DIRECTIONS FOR THIS TASK:
Please return, word for word, the line containing "Whg. 308 Balkon" and each line after it through the end of the data below, and nothing else.

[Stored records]
◇ ◇ ◇ ◇ ◇

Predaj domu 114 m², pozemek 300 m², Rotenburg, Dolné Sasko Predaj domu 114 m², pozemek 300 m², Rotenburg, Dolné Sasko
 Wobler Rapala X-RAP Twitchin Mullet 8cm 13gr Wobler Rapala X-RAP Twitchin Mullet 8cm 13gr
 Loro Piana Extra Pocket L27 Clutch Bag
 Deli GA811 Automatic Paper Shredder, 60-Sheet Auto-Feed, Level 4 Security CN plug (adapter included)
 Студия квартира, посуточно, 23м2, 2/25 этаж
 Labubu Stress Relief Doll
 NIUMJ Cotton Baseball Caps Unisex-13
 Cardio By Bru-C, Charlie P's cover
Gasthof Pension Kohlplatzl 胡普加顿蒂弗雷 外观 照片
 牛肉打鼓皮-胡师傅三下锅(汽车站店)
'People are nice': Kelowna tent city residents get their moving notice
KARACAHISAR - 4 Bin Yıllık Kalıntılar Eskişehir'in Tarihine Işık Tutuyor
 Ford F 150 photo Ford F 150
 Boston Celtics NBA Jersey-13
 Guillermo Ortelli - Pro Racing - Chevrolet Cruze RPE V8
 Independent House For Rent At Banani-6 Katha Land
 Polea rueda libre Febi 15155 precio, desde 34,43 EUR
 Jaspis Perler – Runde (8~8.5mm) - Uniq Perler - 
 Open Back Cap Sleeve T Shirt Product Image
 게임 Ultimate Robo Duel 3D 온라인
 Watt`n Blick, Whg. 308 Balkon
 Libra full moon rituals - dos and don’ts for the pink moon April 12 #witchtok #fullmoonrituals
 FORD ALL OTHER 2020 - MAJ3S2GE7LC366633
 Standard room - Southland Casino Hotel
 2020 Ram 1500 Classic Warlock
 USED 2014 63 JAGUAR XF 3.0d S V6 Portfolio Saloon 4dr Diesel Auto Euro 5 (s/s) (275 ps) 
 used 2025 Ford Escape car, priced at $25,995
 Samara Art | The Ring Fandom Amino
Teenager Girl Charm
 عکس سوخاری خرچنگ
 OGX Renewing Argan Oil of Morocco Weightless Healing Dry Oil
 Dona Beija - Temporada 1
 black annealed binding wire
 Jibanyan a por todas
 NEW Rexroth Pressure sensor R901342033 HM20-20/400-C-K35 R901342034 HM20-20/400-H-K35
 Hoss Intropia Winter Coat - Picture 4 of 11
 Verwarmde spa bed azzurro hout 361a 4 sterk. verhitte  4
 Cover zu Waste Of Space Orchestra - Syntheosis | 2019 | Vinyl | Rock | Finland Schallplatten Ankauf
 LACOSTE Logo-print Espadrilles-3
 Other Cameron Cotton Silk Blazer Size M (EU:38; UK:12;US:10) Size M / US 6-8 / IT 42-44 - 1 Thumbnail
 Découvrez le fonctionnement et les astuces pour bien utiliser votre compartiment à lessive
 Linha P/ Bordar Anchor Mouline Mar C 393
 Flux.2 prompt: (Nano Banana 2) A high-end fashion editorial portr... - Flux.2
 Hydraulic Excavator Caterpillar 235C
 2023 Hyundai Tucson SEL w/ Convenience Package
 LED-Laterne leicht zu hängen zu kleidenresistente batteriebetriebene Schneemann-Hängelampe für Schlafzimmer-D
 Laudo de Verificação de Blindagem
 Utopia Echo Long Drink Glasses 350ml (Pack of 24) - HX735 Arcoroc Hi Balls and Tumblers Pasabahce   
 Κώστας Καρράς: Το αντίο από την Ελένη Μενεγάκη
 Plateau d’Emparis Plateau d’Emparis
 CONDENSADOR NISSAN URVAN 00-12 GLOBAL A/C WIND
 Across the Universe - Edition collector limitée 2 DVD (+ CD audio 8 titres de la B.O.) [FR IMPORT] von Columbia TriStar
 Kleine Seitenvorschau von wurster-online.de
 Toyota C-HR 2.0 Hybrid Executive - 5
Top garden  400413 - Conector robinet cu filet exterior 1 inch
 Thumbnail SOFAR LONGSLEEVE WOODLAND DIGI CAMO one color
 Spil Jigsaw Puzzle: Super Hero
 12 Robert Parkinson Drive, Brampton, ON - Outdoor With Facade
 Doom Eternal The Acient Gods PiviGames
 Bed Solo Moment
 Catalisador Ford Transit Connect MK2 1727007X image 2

◇ ◇ ◇ ◇ ◇

RESPONSE BOX:
 Watt`n Blick, Whg. 308 Balkon
 Libra full moon rituals - dos and don’ts for the pink moon April 12 #witchtok #fullmoonrituals
 FORD ALL OTHER 2020 - MAJ3S2GE7LC366633
 Standard room - Southland Casino Hotel
 2020 Ram 1500 Classic Warlock
 USED 2014 63 JAGUAR XF 3.0d S V6 Portfolio Saloon 4dr Diesel Auto Euro 5 (s/s) (275 ps) 
 used 2025 Ford Escape car, priced at $25,995
 Samara Art | The Ring Fandom Amino
Teenager Girl Charm
 عکس سوخاری خرچنگ
 OGX Renewing Argan Oil of Morocco Weightless Healing Dry Oil
 Dona Beija - Temporada 1
 black annealed binding wire
 Jibanyan a por todas
 NEW Rexroth Pressure sensor R901342033 HM20-20/400-C-K35 R901342034 HM20-20/400-H-K35
 Hoss Intropia Winter Coat - Picture 4 of 11
 Verwarmde spa bed azzurro hout 361a 4 sterk. verhitte  4
 Cover zu Waste Of Space Orchestra - Syntheosis | 2019 | Vinyl | Rock | Finland Schallplatten Ankauf
 LACOSTE Logo-print Espadrilles-3
 Other Cameron Cotton Silk Blazer Size M (EU:38; UK:12;US:10) Size M / US 6-8 / IT 42-44 - 1 Thumbnail
 Découvrez le fonctionnement et les astuces pour bien utiliser votre compartiment à lessive
 Linha P/ Bordar Anchor Mouline Mar C 393
 Flux.2 prompt: (Nano Banana 2) A high-end fashion editorial portr... - Flux.2
 Hydraulic Excavator Caterpillar 235C
 2023 Hyundai Tucson SEL w/ Convenience Package
 LED-Laterne leicht zu hängen zu kleidenresistente batteriebetriebene Schneemann-Hängelampe für Schlafzimmer-D
 Laudo de Verificação de Blindagem
 Utopia Echo Long Drink Glasses 350ml (Pack of 24) - HX735 Arcoroc Hi Balls and Tumblers Pasabahce   
 Κώστας Καρράς: Το αντίο από την Ελένη Μενεγάκη
 Plateau d’Emparis Plateau d’Emparis
 CONDENSADOR NISSAN URVAN 00-12 GLOBAL A/C WIND
 Across the Universe - Edition collector limitée 2 DVD (+ CD audio 8 titres de la B.O.) [FR IMPORT] von Columbia TriStar
 Kleine Seitenvorschau von wurster-online.de
 Toyota C-HR 2.0 Hybrid Executive - 5
Top garden  400413 - Conector robinet cu filet exterior 1 inch
 Thumbnail SOFAR LONGSLEEVE WOODLAND DIGI CAMO one color
 Spil Jigsaw Puzzle: Super Hero
 12 Robert Parkinson Drive, Brampton, ON - Outdoor With Facade
 Doom Eternal The Acient Gods PiviGames
 Bed Solo Moment
 Catalisador Ford Transit Connect MK2 1727007X image 2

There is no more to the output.